Kate Frazier has an abusive husband, so she runs away to find a new life in another city. She meets a man named Frank who, although quietly enigmatic, seems very nice. Trouble is, Frank is a suicidal hitman whose next victim just might be himself. And yes, Kate really knows how to pick 'em.
In Michael Keaton's 2009 directorial debut THE MERRY GENTLEMAN (Breaking Glass Pictures), Kelly Macdonald (TRAINSPOTTING, NO COUNTRY FOR OLD MEN) is appealing as Kate, who's quite likable herself and makes friends easily in her new office job. When someone in her building is killed by a sniper (guess who), the investigating cop, Detective Dave Murcheson (Tom Bastounes), is smitten with Kate himself after questioning her about a man she saw teetering on the ledge of the building across the way.

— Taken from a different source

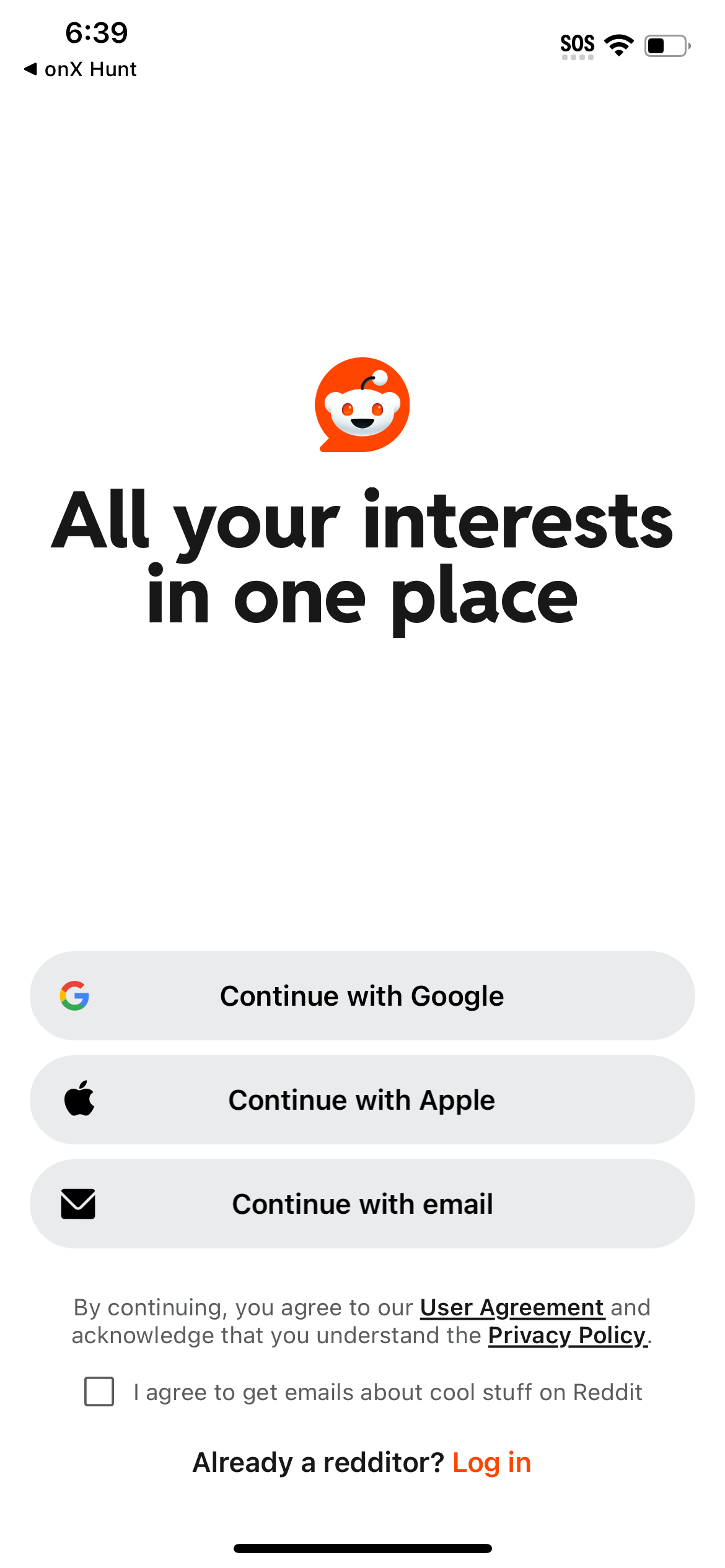 reddit app screenshot 47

The man was our own suicidal Frank, who fell back out of danger when she screamed. Grateful, Frank manages to meet Kate (they have a cute Christmas tree interlude) and they become friends. It's the old story of two unlikely people reaching out to each other in a time of need. And Kate's need grows even more urgent when her husband Michael (Bobby Cannavale, ANT MAN, 10 ITEMS OR LESS) tracks her down and shows up in her apartment, claiming to have been "born again."
Since we don't know if Michael's really a changed man or not, and we really kind of doubt it--as does Kate--this is where we think, "Hmm...good time for Kate to have a new best friend who's a professional hitman." I wouldn't dream of giving away what happens next, but that's pretty much the set-up, and it's an intriguing one.

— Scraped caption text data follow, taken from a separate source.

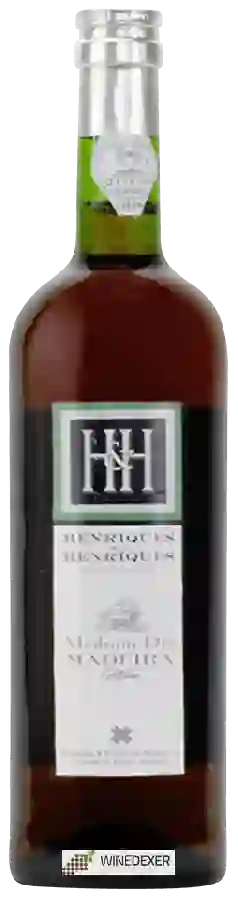Winery Henriques & Henriques - Medium Dry Madeira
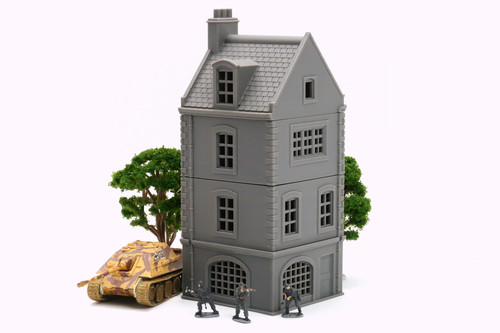 Wargaming terrain wwii - terrain,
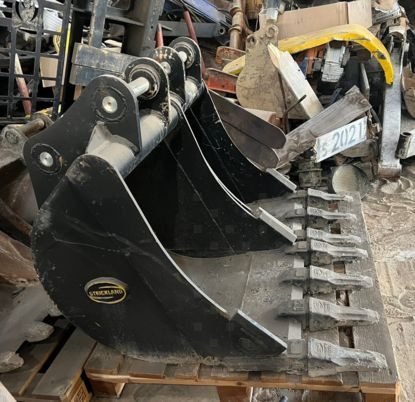 Godet Strickland - axe 45 mm - Balde: foto 2 Godet Strickland - axe 45 mm - Balde: foto 2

Keaton, of course, plays one of those palatable "movie" hitmen who, unlike their counterparts in real life who are nothing more or less than the absolute scum of the earth, we can actually like and identify with. This nattily-dressed "gentleman" is even so thoughtful that he stops to set right a nativity figure that's fallen down.
Frank has developed a sour stomach for the job and his heart just isn't in it anymore. So we pretty much buy that he can actually have a sweetly platonic relationship with an emotionally needy woman, especially since this relationship is plausibly simple and avoids getting overly cute. (With the possible exception of the Christmas tree interlude.)
Michael Keaton, who, of course, we know and love from BATMAN, BEETLEJUICE, NIGHT SHIFT, and MR. MOM, among other things, plays Frank with remarkable restraint and doesn't veer too far into false sentiment to make him more likable. His scenes with Kelly Macdonald also never try too hard to push our "aww" buttons.
In fact, THE MERRY GENTLEMAN is so low-key and restrained overall that it barely tries to evoke much in the way of strong feeling from us at all. It pretty much just shows us stuff happening in a very matter-of-fact way as we watch helplessly.
Kate and Frank's oddball mutual attraction, Detective Murcheson's sudden infatuation with Kate and clumsy attempts to court her, the complications that ensue when Michael reappears--it all plays itself out with much the same sort of narrative detachment as THE BICYCLE THIEF.
As a director, Keaton lets it all unfold with a slowburn pace, which suits his non-sensationalistic handling of this material well. He has a very neat visual style that I found quite pleasing, with the same taste and restraint that he applies to the story itself.
If you're looking for gritty cop-noir or tense action, this isn't going to ring your chimes. More than anything, THE MERRY GENTLEMAN is a character study, albeit a decidedly unusual one, and goes for subtle emotional responses rather than exploiting the subject matter for suspense or thrills. As such, I found this thoughtful, melancholy mood piece well worth devoting some time to.